== What the exercise asks ==
Print this span of the material below exactly: the line with "Cucina o angolo", the line with "Three apples, one", and every line between them, but nothing else.

== Exercise data ==

──────────────────────────────

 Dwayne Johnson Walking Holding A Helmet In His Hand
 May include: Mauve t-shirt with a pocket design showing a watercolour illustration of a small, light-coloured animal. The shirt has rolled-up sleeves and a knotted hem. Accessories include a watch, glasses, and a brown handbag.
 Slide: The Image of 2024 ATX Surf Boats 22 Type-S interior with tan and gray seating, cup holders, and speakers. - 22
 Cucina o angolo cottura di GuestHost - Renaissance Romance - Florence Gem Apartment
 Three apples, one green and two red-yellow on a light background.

──────────────────────────────

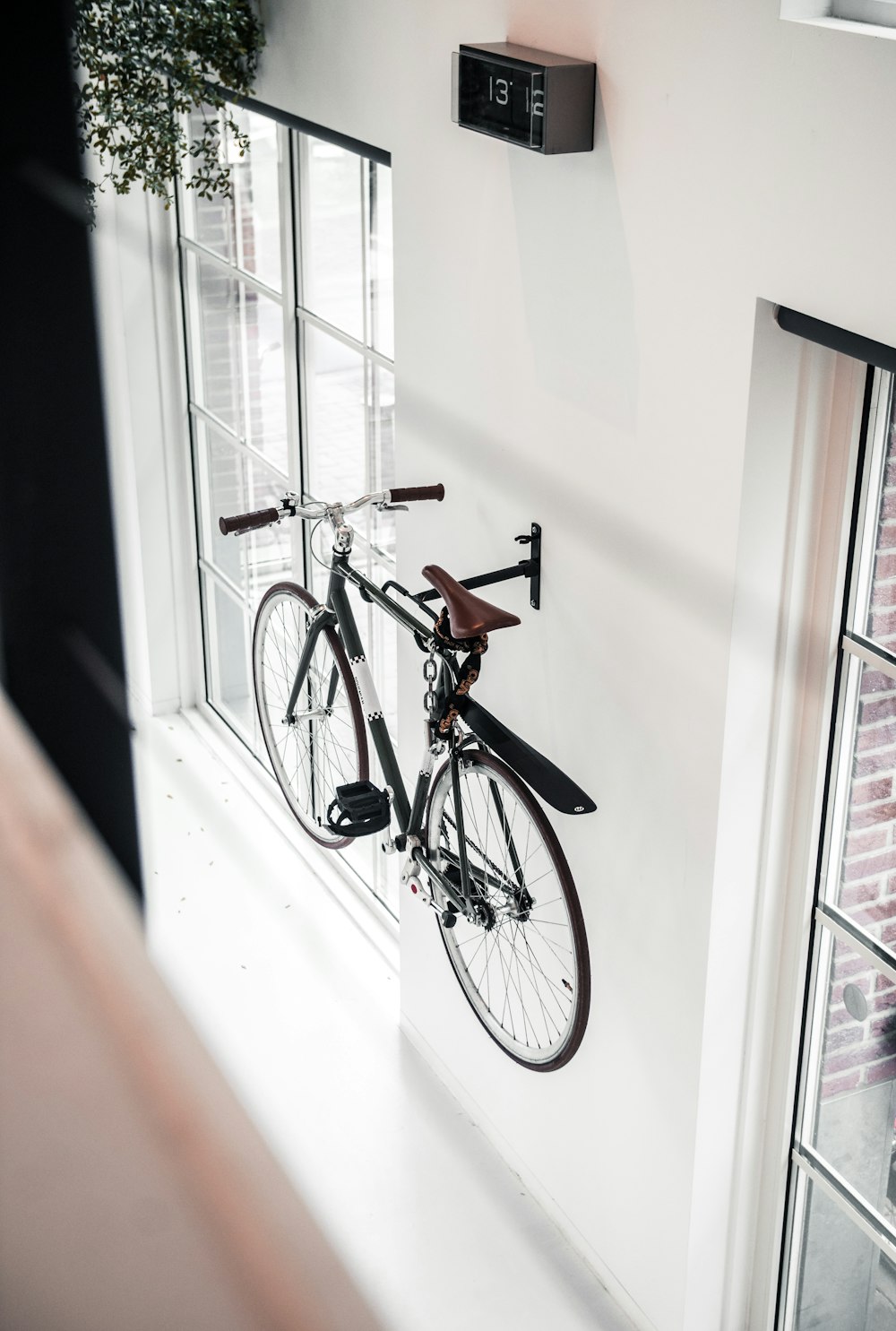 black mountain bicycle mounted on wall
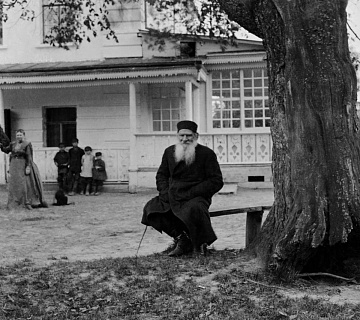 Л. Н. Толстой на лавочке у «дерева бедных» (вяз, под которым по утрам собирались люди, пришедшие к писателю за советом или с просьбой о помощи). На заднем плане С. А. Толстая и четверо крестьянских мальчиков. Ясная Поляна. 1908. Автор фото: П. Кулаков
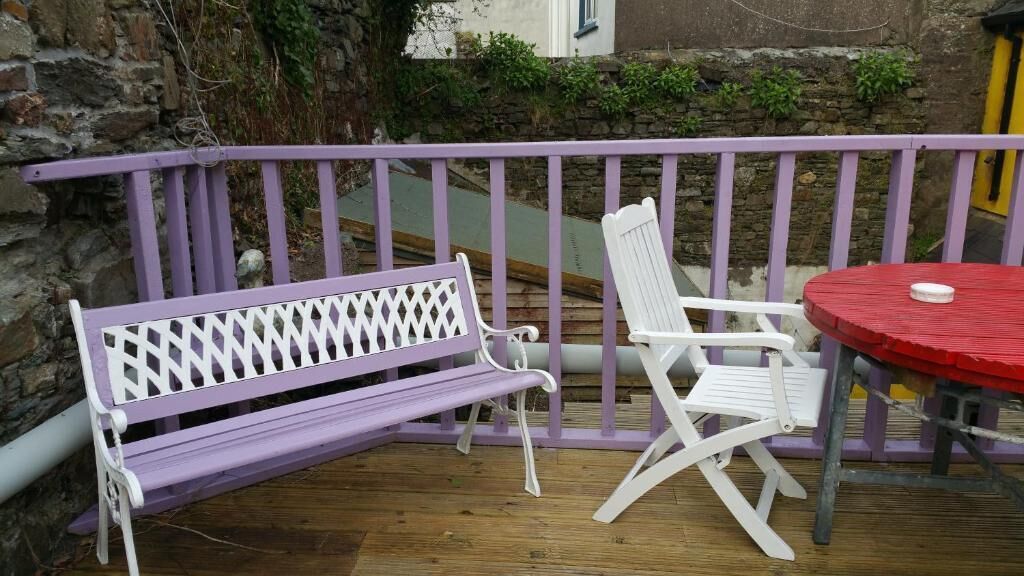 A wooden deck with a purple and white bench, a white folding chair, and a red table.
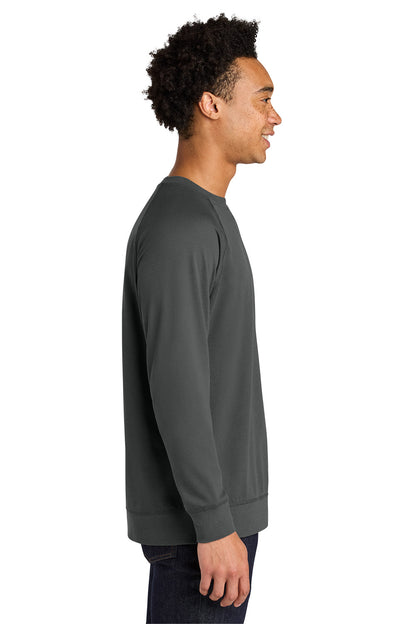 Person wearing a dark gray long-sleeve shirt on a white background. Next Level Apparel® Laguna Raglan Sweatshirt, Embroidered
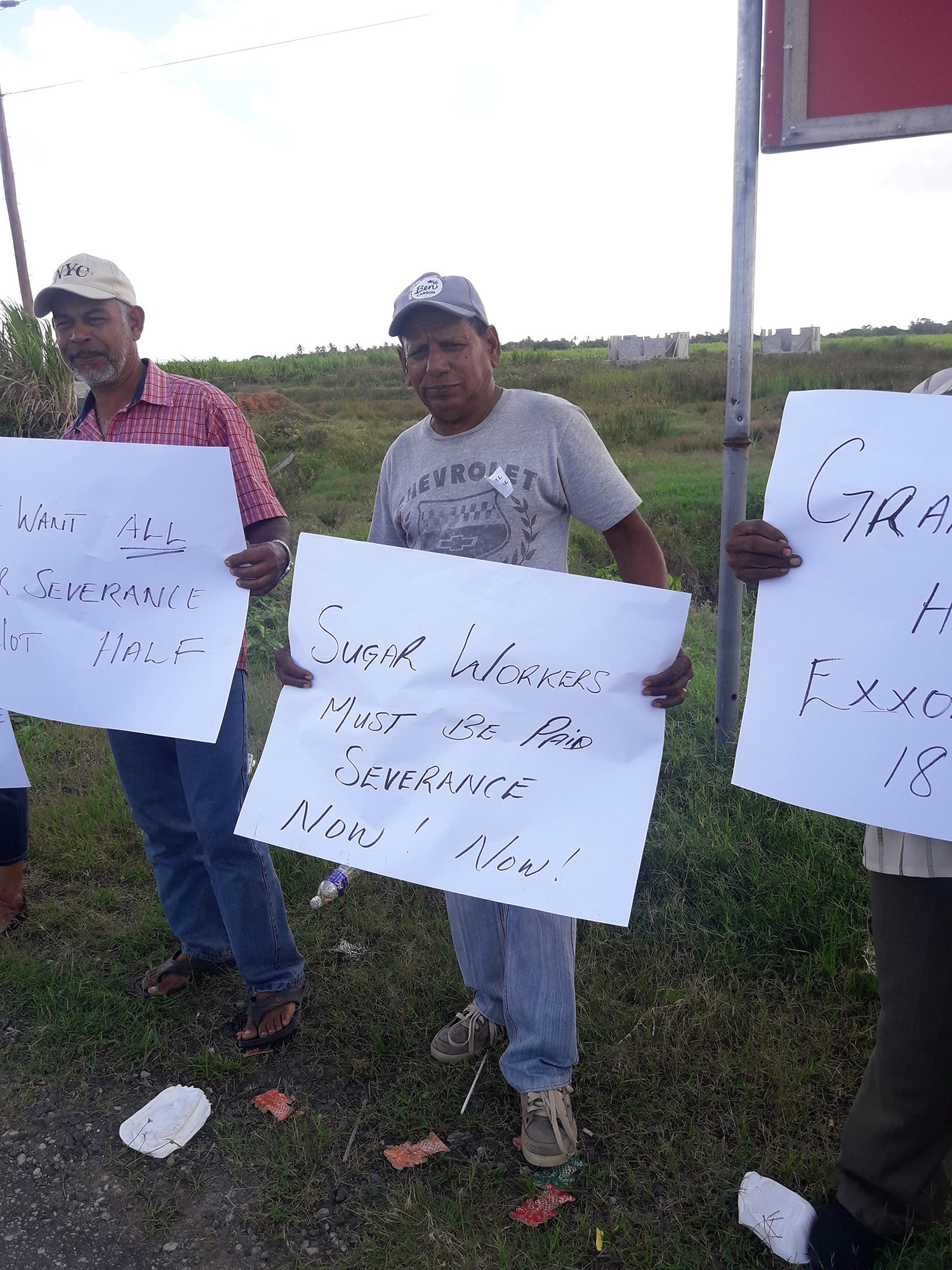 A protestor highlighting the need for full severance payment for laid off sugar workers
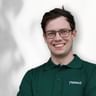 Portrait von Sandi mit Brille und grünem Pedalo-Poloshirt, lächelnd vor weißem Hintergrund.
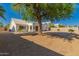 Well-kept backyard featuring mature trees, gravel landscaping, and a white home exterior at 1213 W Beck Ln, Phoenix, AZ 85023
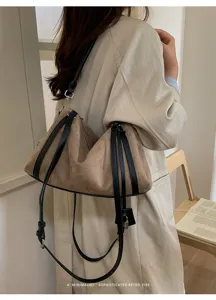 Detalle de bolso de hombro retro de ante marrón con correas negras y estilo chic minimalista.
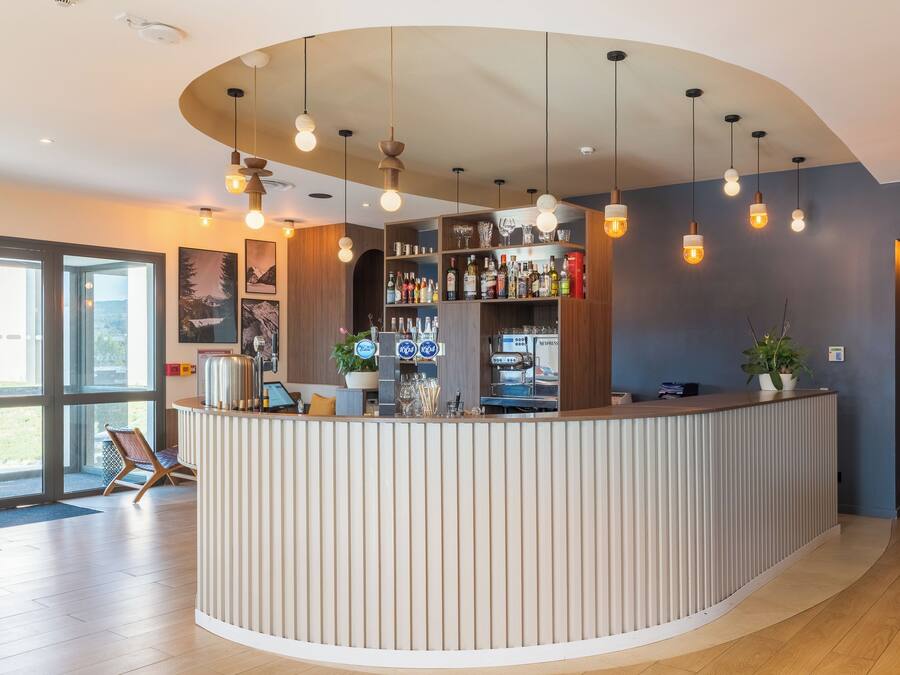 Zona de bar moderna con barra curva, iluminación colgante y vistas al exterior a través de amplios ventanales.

──────────────────────────────

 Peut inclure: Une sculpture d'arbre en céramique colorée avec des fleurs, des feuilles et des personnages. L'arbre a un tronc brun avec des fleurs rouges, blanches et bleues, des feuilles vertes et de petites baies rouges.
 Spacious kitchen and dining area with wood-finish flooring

──────────────────────────────

== Result ==
 Cucina o angolo cottura di GuestHost - Renaissance Romance - Florence Gem Apartment
 Three apples, one green and two red-yellow on a light background.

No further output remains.